Como é que se faz um pajé na etnia Kaxinawá?

“Pajé dá e tira vida. Para virar pajé, vai sozinho para a mata e amarra o corpo todo com envira. Deita numa encruzilhada com os braços e as pernas abertos. Primeiro vêm as borboletas da noite, os husu, elas cobrem seu corpo todinho. Vem os yuxin que comem os husu até chegar a tua cabeça. Aí você o abraça com força. Ele se transforma em murmuru, que tem espinho. Se você tiver força e não solta, o murmuru vai se transformar em cobra que se enrola no teu corpo. Você agüenta, ele se transforma em onça. Você continua segurando. E assim vai, até que você segura o nada. Você venceu a prova e daí fala, aí você explica que quer receber muka e ele te dá”.

O jogo foi idealizado por Guilherme Meneses, antropólogo da Universidade de São Paulo – USP e, a equipe conta com um programador, artista digital e game designer, outros antropólogos. Mas, na produção tiveram participação ativa 45 Kaxinawás das 32 aldeias existentes no Acre.

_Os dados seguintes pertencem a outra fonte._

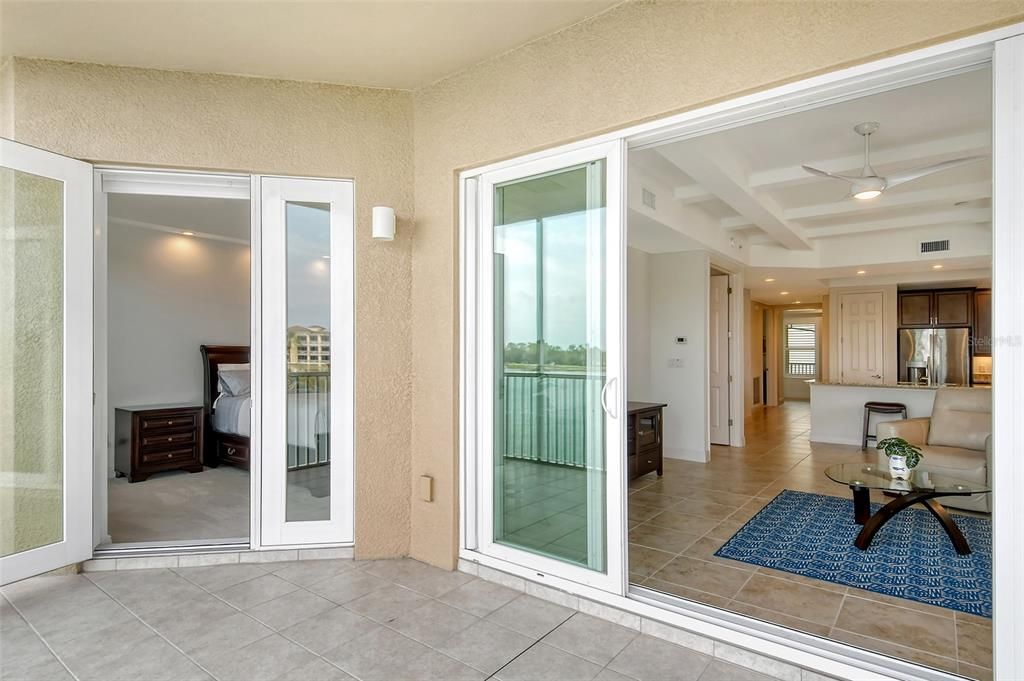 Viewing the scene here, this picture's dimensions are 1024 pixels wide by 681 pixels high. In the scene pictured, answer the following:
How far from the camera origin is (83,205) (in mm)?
3291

“Decidimos com eles [indígenas] o roteiro e as histórias. Eles desenharam os protótipos, gravaram as músicas e os efeitos sonoros. Os pajés narraram as histórias”, informou Meneses, que viu no projeto uma ferramenta contemporânea para explorar e divulgar a cultura dos Kaxinawá.

Quem são os Kaxinawás?

Os Kaxinawá são hoje, segundo o Censo do Instituto Brasileiro de Geografia e Estatística (IBGE) de 2010, 7,5 mil em todo o Brasil dos quais, mais de 3 mil estão no Acre. No Peru, onde também vive esta etnia, são 2.419 indivíduos (dado de 2007). Kaxinawá quer dizer “gente que tem o hábito de caminhar a noite“, gente morcego ou gente canibal, também.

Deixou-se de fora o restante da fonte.